_EXERCISE REQUIREMENTS_
Which lines run from the one containing "Faux Subway Wall" to the end of the listing? Copy them out exactly, leaving out the rest.

━━━━━ STUDY MATERIAL ━━━━━

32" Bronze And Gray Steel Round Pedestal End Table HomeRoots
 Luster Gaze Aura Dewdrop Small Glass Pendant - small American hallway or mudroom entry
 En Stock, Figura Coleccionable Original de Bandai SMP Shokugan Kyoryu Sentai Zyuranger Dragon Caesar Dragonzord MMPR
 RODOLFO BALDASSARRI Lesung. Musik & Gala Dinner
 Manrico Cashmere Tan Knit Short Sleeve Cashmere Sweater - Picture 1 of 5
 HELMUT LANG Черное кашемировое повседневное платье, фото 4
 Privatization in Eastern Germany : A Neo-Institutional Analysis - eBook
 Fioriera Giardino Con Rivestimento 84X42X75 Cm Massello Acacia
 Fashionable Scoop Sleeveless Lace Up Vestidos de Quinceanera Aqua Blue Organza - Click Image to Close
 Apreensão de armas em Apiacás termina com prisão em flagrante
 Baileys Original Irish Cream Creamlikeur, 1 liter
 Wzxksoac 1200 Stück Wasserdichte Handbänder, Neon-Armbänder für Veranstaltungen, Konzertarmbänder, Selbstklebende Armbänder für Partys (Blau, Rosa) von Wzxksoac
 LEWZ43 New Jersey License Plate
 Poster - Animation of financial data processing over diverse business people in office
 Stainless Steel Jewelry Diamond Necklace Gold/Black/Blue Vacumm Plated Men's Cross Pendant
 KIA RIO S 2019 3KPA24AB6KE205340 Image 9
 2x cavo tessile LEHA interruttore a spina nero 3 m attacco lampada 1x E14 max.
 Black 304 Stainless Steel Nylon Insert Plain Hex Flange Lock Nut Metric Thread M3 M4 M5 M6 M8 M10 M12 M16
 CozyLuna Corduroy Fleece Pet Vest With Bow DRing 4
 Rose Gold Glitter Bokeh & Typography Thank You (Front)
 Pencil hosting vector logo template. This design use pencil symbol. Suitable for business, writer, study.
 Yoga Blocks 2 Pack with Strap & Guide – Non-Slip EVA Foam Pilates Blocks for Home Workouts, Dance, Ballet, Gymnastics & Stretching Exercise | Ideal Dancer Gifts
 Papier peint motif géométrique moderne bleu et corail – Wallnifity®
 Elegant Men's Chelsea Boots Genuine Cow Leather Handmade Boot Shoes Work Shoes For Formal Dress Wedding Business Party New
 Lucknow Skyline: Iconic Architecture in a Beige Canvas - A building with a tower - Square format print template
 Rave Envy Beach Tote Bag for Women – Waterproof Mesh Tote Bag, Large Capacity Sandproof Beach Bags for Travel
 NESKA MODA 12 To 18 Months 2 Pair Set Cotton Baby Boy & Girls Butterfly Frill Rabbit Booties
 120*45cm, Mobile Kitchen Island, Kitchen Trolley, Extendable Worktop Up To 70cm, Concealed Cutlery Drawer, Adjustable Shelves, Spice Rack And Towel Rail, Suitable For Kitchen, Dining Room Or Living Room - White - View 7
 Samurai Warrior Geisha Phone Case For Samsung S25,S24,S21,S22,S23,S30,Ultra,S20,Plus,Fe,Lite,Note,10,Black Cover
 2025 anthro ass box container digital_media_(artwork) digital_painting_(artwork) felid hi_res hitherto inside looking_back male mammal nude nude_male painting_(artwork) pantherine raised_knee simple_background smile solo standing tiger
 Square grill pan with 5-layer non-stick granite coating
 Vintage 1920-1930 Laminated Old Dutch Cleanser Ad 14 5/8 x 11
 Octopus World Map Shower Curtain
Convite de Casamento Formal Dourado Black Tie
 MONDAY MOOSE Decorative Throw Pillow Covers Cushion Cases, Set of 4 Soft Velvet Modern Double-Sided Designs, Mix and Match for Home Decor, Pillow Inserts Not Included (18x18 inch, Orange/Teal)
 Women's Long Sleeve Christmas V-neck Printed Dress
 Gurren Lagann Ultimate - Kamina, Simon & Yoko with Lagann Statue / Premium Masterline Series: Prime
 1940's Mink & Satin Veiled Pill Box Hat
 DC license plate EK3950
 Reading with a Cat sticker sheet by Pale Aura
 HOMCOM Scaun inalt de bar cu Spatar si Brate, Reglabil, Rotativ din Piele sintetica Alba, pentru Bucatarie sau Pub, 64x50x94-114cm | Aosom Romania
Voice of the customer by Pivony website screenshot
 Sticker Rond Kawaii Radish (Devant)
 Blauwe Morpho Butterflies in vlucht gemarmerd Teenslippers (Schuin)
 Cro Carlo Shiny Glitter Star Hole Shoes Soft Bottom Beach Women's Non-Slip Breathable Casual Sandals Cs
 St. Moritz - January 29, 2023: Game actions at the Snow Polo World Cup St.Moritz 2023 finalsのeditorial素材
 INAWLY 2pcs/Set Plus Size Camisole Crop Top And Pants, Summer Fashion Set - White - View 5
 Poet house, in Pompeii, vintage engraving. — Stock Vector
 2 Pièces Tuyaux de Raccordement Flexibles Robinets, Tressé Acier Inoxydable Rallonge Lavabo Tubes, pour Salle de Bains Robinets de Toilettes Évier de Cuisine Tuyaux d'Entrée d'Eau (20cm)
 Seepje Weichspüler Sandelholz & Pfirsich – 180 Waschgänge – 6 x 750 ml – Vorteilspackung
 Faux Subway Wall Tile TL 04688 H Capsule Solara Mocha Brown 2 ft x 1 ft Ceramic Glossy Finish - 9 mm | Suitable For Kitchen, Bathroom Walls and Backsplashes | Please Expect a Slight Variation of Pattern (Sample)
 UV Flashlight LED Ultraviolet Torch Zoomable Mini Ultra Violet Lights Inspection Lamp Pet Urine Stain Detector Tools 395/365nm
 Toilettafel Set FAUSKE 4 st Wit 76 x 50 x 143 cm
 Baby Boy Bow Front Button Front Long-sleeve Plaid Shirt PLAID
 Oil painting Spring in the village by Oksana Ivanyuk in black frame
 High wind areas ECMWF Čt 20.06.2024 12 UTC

━━━━━

_COMPLETED TASK_
 Faux Subway Wall Tile TL 04688 H Capsule Solara Mocha Brown 2 ft x 1 ft Ceramic Glossy Finish - 9 mm | Suitable For Kitchen, Bathroom Walls and Backsplashes | Please Expect a Slight Variation of Pattern (Sample)
 UV Flashlight LED Ultraviolet Torch Zoomable Mini Ultra Violet Lights Inspection Lamp Pet Urine Stain Detector Tools 395/365nm
 Toilettafel Set FAUSKE 4 st Wit 76 x 50 x 143 cm
 Baby Boy Bow Front Button Front Long-sleeve Plaid Shirt PLAID
 Oil painting Spring in the village by Oksana Ivanyuk in black frame
 High wind areas ECMWF Čt 20.06.2024 12 UTC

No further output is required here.